Jack Nicklaus and Tiger Woods both got to where they are right now through doing things the right way. Of course they are naturally talented athletes, but they also work(ed) at their sport. They train(ed) hard and make valuable use of their time – especially when it comes to practice. Most amateurs can learn a lot from Tiger and Jack’s practice routines.
We all don’t have 8 hours a day to practice golf, so when we do have the time – let’s make it worth it. This involves practicing smarter instead of harder. Tiger puts more focus on the weakest part of his game at that time – a lesson every amateur should learn. If you are taking 40 putts per round but hitting your woods and irons just fine, then don’t spend time beating 7-irons down the range. Head to the putting green and spend 70% of your time there.
Jack Nicklaus would often focus on his fundamentals when his swing went south. He would work with his instructor on the basics – grip, aim, and posture. Jack found this the best way to get his groove back after a bad round. You too, can learn from this by not trying to overcomplicate your practice session. Instead of trying to cram in every drill you just read in Golf Digest into one practice session, ask your swing coach to give you one or two good drills that focus on your specific swing flaw. Practice just those few drills and don’t deviate from the plan. This ensures that not too many thoughts are entering your mind while practicing.
Another great aspect of Tiger’s practice routine is his focus on the target. Most amateurs simply go to the range and swing for the fences without a target in mind. Pick a target for each shot and change targets often. This makes sure you are doing something to actually help you game as opposed to just getting exercise from swinging a club!
Next time you’re at the driving range, go through your pre-shot routine on every shot and see how long it takes to hit a bucket of balls. Probably much longer than it typically takes you to finish a bucket – but this is a much more effective way to practice since you’re actually doing the same thing you do on the golf course.

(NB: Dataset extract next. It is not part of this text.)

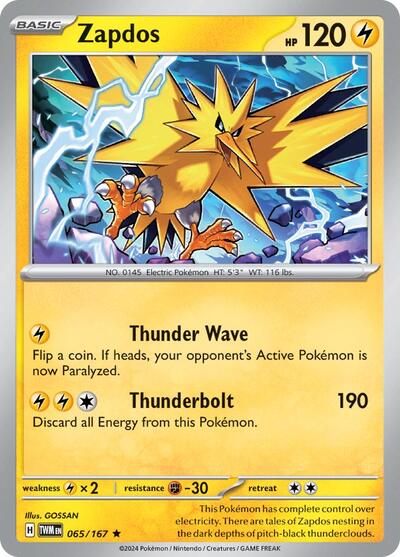 TWM: Zapdos (Reverse Holofoil)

Some tour pros will even “play” a round of golf on the range. They will start with a driver, pick a target, then hit it. From there they will go through the hole in their mind and hit whatever the next shot requires – maybe an 8 iron to a tight pin position. The more you can simulate a real round of golf on the practice range – the better your practice session will become.
Figuring out an ideal practice routine is individual to every golfer. Just make sure that you’re accomplishing something each time you go out – and keep your short game a top priority. Improving in this area will probably drop the most amount of strokes in the quickest amount of time.